Open ubuddemeier opened 1 month ago
Hello, thanks for pointing this out.
How did you observe the increasing memory load? Are you using any profiler?
@ckeshava , I'm noticing the same, it's best seen when you do a larger requests like requesting BookOffers. If you don't iterate over the client, the queue continuously grows and therefor also the memory usage.
Would it make sense to also have a limit on the amount of messages in the queue for the case when a client can't keep up?
import asyncio
from xrpl.asyncio.clients import AsyncWebsocketClient
from xrpl.models.requests import BookOffers
from xrpl.models.currencies import XRP, IssuedCurrency
async def main():
async with AsyncWebsocketClient("wss://s1.ripple.com") as client:
while True:
orderbook_asks_info = await client.request(
BookOffers(
ledger_index="current",
taker_gets=XRP(),
taker_pays=IssuedCurrency(
currency="USD",
issuer="rhub8VRN55s94qWKDv6jmDy1pUykJzF3wq"
),
limit=500,
)
)
orderbook_bids_info = await client.request(
BookOffers(
ledger_index="current",
taker_gets=IssuedCurrency(
currency="USD",
issuer="rhub8VRN55s94qWKDv6jmDy1pUykJzF3wq"
),
taker_pays=XRP(),
limit=500,
)
)
print(f"Queued items: {client._messages.qsize()}")
await asyncio.sleep(2)
if __name__ == "__main__":
asyncio.run(main())
thanks, this is helpful @Jbekker
@Jbekker I have incorporated your test case at the tip of this branch: https://github.com/XRPLF/xrpl-py/pull/713 -- many thanks, this is insightful.
Regarding placing limits on the queue size: A client might want to send in a large number of requests to a rippled node. For instance - We don't want to rate-limit access to a personal rippled process. (Hopefully with the resolution of this bug, there won't be any unforeseen bumps in compute/memory usage). Users can always set limits on this Python process through the Operating System tools.
But, I understand this approach is contrary to the message queues inside the OS network buffers. I don't have a strong opinion, I'm open to ideas.
Regarding placing limits on the queue size: A client might want to send in a large number of requests to a rippled node. For instance - We don't want to rate-limit access to a personal rippled process.
There could be some sort of config option added.

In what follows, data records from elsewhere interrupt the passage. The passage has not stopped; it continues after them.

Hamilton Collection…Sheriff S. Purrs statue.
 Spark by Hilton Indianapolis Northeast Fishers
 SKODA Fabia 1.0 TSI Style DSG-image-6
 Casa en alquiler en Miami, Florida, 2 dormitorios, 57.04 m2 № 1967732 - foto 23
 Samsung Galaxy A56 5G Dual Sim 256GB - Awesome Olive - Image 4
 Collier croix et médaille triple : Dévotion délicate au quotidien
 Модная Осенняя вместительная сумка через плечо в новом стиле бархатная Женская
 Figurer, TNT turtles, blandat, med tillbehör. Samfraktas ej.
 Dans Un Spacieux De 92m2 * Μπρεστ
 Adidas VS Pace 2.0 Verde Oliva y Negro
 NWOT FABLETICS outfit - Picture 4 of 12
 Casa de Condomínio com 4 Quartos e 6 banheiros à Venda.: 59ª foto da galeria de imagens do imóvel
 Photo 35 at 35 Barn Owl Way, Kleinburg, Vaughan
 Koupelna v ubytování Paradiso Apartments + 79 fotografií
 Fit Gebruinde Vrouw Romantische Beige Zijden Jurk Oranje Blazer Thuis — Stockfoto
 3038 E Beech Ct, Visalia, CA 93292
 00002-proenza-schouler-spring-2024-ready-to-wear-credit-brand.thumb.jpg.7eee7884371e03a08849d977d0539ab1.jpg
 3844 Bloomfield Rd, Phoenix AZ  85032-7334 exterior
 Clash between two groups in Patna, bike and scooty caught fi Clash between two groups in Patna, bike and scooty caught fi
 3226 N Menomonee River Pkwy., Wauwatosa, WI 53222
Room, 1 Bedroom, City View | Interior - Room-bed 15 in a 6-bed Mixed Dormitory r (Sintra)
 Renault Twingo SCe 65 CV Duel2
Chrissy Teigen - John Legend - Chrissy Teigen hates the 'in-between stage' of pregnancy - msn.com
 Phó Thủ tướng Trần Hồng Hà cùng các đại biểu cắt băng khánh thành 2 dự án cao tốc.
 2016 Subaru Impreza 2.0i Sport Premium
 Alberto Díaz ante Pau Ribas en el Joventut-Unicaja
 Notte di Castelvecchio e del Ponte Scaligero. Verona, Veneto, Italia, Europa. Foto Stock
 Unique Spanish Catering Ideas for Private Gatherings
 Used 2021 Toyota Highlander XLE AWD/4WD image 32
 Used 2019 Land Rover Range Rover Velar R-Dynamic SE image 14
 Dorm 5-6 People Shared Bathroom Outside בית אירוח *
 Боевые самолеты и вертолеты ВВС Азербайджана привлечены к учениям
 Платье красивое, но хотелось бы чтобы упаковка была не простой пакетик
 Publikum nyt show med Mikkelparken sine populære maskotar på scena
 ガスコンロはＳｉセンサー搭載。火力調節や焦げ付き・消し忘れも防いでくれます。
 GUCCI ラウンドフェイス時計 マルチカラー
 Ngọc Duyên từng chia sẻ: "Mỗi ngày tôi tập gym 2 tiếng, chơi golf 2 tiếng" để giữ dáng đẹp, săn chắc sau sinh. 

Regarding placing limits on the queue size: A client might want to send in a large number of requests to a rippled node. For instance - We don't want to rate-limit access to a personal rippled process.
There could be some sort of config option added.
yeah, that's true. To determine a good default value, we might have to pull some statistics (for an upper bound on the queue size), do you have any ideas for that? I don't think the Data team currently tracks the client libraries.
Adding a config option might increase the complexity of the client libraries, but I think it's an acceptable compromise.
Question: does the response need to go into the message queue if it corresponds to a pending request and is handled by fulfilling the future? I did a quick fix on my end to work around the problem in this way:
if "id" in response_dict and response_dict["id"] in self._open_requests:
self._open_requests[response_dict["id"]].set_result(response_dict)
else: # enqueue the response for the message queue
cast(_MESSAGES_TYPE, self._messages).put_nowait(response_dict)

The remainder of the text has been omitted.